Interest-only cliff: no longer a thing

No further tightening proposed

It looks as though tighter deposit requirements have run their course. 

Although December 2018 was a horrible quarter for mortgage lending in the lead-up to the end of the Royal Commission, the squeeze on loan-to-value ratios looks to be just about done. 


There are relatively few interest-only (IO) mortgages being written now, and this squeeze also looks to be about done. 

It's a smaller share of a smaller pie, and this is reducing household debt ratios as we speak (contrary to the incorrect claims you might read elsewhere). 


The ADI stock of outstanding IO loans is now less than ¼ of mortgages by value, the lowest on record across the data series. 

This may sound a lot, but most IO loans revert to principal repayment relatively quickly, and anyway IO mortgages can make a lot of sense for borrowers with offset accounts. 

Many borrowers have opted to revert to principal repayment early for the cheaper mortgage rates on offer. 

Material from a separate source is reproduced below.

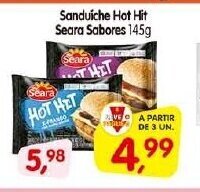 Cercadão Sanduiche Hot Hit Seara sabores 145g oferta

There was previously some debate surrounding what constituted a 'new' IO loan, but the interest-only 'cliff' is no longer a thing, since any mechanically forced reset no longer applies. 

It's in nobody's interests to see stressed borrowers go into arrears, so the reset should now be managed comfortably enough.

Left the building

It's interesting to note that partly thanks to switching across to cheaper rates, interest repayments have now declined to sit well below 10 per cent of household disposable income, down from 16 per cent a decade earlier.

This is a very significant decline, and this hugely improved level of mortgage serviceability partly accounts for why mortgage arrears remain so low. 

Betwixt the Council of Financial Regulators and the Reserve Bank today the respective authorities confirmed today that there would be no further tightening of lending standards required, instead perhaps implying that banks rather need to write some business.

From the RBA:

"From a financial stability perspective, prudent lending standards are a good thing. They ensure that households and banks are resilient to changes in circumstances. 

But there needs to be a balance. The regulators are not proposing any further tightening in lending standards. 

And the appropriate amount of credit risk is not zero – banks need to continue to lend and that will inevitably involve some credit losses."

Welcome news, while fixed mortgage rates are being cut widely as funding costs have declined. 

The regulators have left the building (for the time being!).